Die neu gegründete “Stiftung Tanz“ will Tänzern nach ihrer Karriere Hilfen für den späteren Beruf anbieten.

Hamburg. Immer wieder werden Tänzer, wenn sie sich durch den Paragraphendschungel quälen, der ihnen eine leidlich sichere Zukunft verspricht, von hilflosen Mitarbeitern des Arbeitsamtes gefragt: "Warum haben Sie nichts Richtiges gelernt?"

Jetzt aber ist es geschafft, Deutschland hat endlich die Stiftung Tanz, ein Transition-Zentrum für professionelle Tänzer. Transition - was ist das denn, werden sich viele fragen. Es ist die Beratungs-, Kontakt- und Anlaufstelle für Tänzer beim Übergang in einen anderen Beruf, wenn sie ihre Karriere beendet haben und nicht wissen, wie sie ihr zweites Leben neu gestalten.

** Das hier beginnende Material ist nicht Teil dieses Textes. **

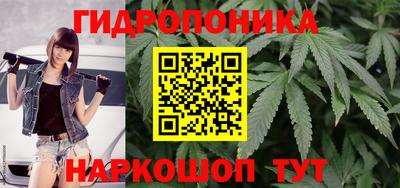 индика Пыть-Ях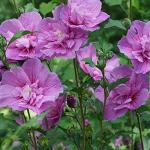 2 Gallon Proven Winners Hibiscus Dark Lavender Chiffon Shrub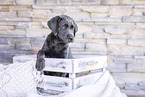 Labrador Retriever Puppy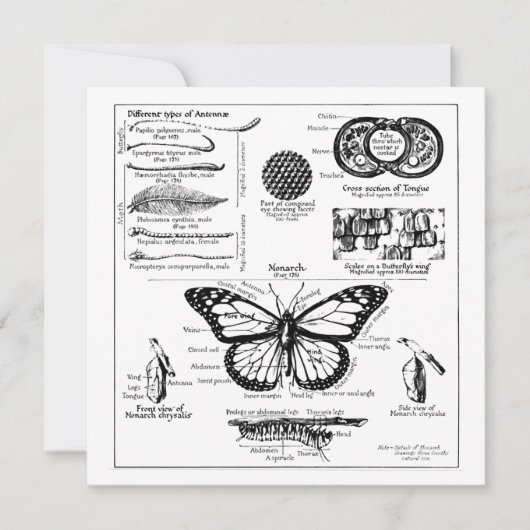 Informationen über Monarch Butterfly Einladung (Vorderseite)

Nach langen Jahren der Vorbereitung ist am 19. Januar das Transition-Zentrum in Berlin gegründet worden mit Hamburgs Ballettchef John Neumeier als dessen Kuratoriumsvorsitzenden. Gestern informierte er im Ballettzentrum, gemeinsam mit namhaften Kuratoriumsmitgliedern, Tänzern, die jetzt leitende Ballettpositionen innehaben, und Vertretern aus Kultur, Wissenschaft und Wirtschaft über die Aufgabe der Stiftung Tanz, die vorläufig noch unter dem Motto steht: "Mit kleinen Schritten zu einem großen Ziel."

Inzwischen sei der Beruf des Tänzers zwar einigermaßen gesellschaftlich anerkannt, aber die hohe Wertschätzung, die andere Künste erführen, werde ihm immer noch nicht entgegengebracht, sagte Sabrina Sadowska, stellvertretende Ballettdirektorin in Stralsund/Greifswald und entschiedene Verfechterin und Mitinitiatorin des Transition Zentrum Deutschland.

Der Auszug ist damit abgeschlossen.